I just took a look at the wikipedia page on the PDP-11, and yes, that JSR is a really nice idea!
It's so useful -- especially for co-routines. Nothing like it in anything today. Too bad that state of the art wasn't remembered and/or retained in at least some newer designs.
The early RISC architectures are definitely interesting, and seemed like a huge change coming from CISC platforms like the 68000.
For some reason, I could never love MIPS architecture,
I remember flying in to MIPS and seeing Dr. Hennessey there. He had a huge mural behind glass of the 68020 processor's die. And he'd start there, describing how much of that die was "wasted" by sequencing logic and control store. About 70% as I recall. The rest, he'd say, was functional units and registers. But the 70% did nothing itself to add processing power. It was there just to make the instruction set "nice."
Motorola and Intel would be hide-bound before they'd sell any of their fancy FAB capacity to a competitor. (Their FABs were the most advanced and the most expensive.) MIPS could only buy "hand-me-down" FAB access, which meant roughly 150k transistor equivs when Intel and Motorola were fielding 4 million+ dies. So MIPS had to do, with 150k, what Intel and Mot were doing with millions. And MIPS DID! It was amazing to see.
MIPS stripped everything down. They had to, of course. They went straight to high clock rates, which meant high quality caching of memory, separation of instruction and data caches, the shortest possible combinatorial logic chains, and as much pipelining as possible. They didn't want to take a hit for a branch, either. Normally, the memory system is feeding the IR (instruction register) in a separate pipe. It doesn't know anything about branches. It just loads, loads, loads, etc. When a branch takes place, the IR is already loaded with the instruction after the branch and is already decoded. So now what? Toss it away and force a pipeline stall to wait while the target is re-loaded? No way. So MIPS said, nope. We execute that instruction regardless. You don't like that? Stick a NOP there. Hard luck. Besides, adding logic to handle the stall would insert something into the critical path and lengthen the clock rate. Sorry. Not happening. Same thing with register interlocks. Register reads heading to the ALU are done in parallel with register writes. If you write a register in a prior instruction, that write will actually still be in the pipeline when the next instruction reads the register. Normal folks add 'interlocks' and use these to stall the system to allow the write to occur (if they pipeline, at all.) Not MIPS. You get the old value, not the newly written one. Don't like that? Insert a NOP or find something else that is useful to do. The interlock adds logic, lengths the combinatorial logic chain, and therefore may lengthen the cycle time.
Lots of decisions like that. They were working with poor-man's FABs and had to compete with what they could access. And they did such a good job of it that it forced Intel to build RISC into their x86 family. (I was there, saw it happen. Intel was scared!) You have to respect what they achieved and how they achieved it.

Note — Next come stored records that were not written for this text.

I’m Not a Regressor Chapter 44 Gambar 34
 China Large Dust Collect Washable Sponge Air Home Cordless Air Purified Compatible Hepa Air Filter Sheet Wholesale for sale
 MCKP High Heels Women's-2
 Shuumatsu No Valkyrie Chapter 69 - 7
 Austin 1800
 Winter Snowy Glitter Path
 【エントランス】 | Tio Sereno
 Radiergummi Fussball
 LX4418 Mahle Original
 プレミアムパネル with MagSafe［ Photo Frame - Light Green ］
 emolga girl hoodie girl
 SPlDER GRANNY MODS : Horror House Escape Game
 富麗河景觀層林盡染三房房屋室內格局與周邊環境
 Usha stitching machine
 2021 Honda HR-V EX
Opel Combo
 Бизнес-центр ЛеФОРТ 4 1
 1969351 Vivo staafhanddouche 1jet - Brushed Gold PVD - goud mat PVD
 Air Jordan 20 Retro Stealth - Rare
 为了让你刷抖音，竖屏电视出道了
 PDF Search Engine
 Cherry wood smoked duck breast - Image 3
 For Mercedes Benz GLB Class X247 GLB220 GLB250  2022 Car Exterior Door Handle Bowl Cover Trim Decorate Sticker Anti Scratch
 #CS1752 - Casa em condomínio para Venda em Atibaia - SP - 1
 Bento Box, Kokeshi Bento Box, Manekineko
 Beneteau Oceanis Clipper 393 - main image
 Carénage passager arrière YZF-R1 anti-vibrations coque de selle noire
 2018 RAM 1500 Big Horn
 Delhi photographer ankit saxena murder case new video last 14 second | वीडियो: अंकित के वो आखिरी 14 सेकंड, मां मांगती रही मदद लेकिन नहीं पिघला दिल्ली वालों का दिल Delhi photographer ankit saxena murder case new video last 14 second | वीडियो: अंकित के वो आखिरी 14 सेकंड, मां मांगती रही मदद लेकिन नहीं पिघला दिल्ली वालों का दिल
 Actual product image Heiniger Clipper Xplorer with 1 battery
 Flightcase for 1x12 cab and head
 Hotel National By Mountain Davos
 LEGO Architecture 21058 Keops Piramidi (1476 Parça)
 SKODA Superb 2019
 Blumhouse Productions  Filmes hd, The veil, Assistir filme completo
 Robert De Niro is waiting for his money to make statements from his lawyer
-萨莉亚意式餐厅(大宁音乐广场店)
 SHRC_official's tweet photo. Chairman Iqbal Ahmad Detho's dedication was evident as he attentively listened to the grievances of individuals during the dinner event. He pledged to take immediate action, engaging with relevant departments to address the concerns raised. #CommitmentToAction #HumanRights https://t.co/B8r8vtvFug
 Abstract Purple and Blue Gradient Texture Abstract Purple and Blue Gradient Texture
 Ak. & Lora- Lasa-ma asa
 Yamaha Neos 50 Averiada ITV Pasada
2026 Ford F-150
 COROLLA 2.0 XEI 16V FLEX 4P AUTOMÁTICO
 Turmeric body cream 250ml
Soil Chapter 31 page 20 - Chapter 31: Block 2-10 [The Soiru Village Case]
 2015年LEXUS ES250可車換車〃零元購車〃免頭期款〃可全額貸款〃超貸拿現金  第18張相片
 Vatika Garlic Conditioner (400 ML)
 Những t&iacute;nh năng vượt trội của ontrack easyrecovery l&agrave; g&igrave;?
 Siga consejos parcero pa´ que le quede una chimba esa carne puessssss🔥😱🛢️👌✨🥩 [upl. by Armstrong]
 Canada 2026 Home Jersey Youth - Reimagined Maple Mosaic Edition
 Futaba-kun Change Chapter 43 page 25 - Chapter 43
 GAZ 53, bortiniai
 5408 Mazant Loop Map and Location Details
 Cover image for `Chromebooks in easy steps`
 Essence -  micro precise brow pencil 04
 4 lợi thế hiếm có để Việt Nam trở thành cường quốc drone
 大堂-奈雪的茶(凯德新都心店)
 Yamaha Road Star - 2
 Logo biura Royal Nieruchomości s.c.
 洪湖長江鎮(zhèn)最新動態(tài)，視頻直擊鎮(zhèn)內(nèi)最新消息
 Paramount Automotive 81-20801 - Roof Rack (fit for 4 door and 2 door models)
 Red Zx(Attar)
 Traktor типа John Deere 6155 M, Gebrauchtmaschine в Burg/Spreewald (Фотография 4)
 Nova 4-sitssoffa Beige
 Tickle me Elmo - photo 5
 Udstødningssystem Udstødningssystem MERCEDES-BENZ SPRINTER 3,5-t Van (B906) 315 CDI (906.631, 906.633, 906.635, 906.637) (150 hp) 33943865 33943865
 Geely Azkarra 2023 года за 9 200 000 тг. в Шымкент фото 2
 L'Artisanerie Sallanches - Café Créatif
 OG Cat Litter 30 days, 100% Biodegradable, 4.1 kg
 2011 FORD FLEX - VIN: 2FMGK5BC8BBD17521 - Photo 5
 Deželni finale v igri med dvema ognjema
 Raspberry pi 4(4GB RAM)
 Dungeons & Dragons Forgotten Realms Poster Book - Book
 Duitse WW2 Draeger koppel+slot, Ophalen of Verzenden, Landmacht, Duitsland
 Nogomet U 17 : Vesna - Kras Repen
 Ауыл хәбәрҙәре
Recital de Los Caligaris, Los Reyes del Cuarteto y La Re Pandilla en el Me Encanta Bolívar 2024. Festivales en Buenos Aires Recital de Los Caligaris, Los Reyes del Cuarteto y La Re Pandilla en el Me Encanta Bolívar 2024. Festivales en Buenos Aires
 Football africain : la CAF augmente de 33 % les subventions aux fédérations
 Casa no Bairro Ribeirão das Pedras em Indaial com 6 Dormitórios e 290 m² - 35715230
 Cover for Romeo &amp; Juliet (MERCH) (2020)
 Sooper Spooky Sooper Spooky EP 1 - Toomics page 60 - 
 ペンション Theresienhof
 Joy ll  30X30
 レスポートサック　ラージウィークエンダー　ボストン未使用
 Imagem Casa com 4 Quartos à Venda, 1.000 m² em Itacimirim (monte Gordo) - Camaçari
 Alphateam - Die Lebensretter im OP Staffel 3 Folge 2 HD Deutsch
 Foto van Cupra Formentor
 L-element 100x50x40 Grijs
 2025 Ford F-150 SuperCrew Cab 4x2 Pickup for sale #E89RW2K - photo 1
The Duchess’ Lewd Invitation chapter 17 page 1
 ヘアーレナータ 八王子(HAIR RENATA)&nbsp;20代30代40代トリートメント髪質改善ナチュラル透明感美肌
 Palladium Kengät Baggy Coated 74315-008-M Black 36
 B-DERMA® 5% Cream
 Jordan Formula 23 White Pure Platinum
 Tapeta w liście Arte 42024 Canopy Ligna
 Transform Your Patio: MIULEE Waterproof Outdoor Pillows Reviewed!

and Hitachi's SuperH (SH-2) is IMHO and abomination, but I recently found the NEC V810 RISC architecture (in the VirtualBoy and the PC-FX), and that seems really well thought out, to me.
The Hitachi H8 was pretty interesting. I did do some work designing boards with it and programming it. They had a nice idea, too, of making it "EPROM" compatible so that you could drop the chips into a standard EPROM programmer. And the instruction set was "pretty."
Hahaha, yep, I just took a look at the NatSemi 32000 series again with the recent release of an upgraded[sp] FPGA implementation[sp] (the M32632).
It's definitely an interesting classic-CISC processor design, but I don't think that anyone would ever use the word "elegant" in describing it.
I'd forgotten the 32k. Now that was a odd lot of stuff. The timing controller... TCU... wow. I remember spending time studying that one.